### Aim of the task
Across the lines of the records below, how many have the string "Apple" in them? Answer with the number alone.

### Task data
'''
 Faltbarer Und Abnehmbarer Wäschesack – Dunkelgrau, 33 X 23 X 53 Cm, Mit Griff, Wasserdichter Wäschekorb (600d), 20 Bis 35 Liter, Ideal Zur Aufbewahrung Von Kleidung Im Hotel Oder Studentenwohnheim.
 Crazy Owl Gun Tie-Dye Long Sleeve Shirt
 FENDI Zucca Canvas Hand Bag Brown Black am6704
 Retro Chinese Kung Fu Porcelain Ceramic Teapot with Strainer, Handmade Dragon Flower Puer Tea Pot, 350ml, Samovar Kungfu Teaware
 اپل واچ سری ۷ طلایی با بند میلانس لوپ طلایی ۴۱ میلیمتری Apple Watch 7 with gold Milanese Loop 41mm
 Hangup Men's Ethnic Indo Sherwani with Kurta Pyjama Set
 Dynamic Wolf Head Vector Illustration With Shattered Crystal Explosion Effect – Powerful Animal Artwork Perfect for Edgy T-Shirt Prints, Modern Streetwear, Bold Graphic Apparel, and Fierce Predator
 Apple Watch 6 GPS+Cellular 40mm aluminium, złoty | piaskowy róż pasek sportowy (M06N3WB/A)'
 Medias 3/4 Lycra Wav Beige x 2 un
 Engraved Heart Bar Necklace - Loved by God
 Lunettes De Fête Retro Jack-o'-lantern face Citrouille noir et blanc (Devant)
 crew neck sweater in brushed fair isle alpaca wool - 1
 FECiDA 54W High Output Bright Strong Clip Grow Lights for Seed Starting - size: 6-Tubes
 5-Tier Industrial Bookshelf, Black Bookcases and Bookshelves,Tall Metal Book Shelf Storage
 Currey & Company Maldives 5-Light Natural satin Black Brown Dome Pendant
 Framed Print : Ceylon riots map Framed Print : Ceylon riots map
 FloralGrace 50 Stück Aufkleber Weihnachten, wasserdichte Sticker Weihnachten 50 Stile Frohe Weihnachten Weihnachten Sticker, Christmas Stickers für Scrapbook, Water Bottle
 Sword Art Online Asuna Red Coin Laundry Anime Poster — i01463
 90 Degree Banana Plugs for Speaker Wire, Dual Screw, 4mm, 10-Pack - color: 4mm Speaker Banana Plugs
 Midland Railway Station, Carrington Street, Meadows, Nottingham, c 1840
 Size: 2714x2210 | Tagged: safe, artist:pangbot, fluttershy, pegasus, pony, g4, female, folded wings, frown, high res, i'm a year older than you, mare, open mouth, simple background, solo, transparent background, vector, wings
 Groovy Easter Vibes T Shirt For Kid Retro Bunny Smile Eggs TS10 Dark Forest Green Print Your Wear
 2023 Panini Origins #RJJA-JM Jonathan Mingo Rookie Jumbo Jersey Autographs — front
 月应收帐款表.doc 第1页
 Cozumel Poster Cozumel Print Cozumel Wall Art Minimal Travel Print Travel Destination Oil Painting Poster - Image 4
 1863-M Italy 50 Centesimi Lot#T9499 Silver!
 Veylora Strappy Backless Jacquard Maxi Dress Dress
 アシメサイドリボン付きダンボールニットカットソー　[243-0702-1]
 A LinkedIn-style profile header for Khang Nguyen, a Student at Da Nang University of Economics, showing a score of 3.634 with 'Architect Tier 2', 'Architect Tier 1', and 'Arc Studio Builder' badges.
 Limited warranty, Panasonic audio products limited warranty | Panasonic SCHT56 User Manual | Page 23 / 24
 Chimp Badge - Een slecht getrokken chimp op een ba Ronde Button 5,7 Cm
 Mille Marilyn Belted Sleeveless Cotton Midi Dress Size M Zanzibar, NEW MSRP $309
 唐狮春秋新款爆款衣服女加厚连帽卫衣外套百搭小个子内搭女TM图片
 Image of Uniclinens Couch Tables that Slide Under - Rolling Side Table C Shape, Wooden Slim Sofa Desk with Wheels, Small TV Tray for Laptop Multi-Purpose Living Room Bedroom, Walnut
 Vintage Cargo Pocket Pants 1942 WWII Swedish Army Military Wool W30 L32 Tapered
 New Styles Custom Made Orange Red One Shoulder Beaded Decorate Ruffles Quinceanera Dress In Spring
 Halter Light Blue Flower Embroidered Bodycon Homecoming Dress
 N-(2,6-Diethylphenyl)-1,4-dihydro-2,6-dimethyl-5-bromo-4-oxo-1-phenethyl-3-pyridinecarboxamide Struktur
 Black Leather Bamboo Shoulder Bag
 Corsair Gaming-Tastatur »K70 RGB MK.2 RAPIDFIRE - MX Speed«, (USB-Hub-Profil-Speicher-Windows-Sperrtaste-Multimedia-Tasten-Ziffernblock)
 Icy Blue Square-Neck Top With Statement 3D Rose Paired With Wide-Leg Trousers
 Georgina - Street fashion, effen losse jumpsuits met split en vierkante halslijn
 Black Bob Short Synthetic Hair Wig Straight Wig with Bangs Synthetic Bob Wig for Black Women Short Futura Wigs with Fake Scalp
'''
### Answer section
2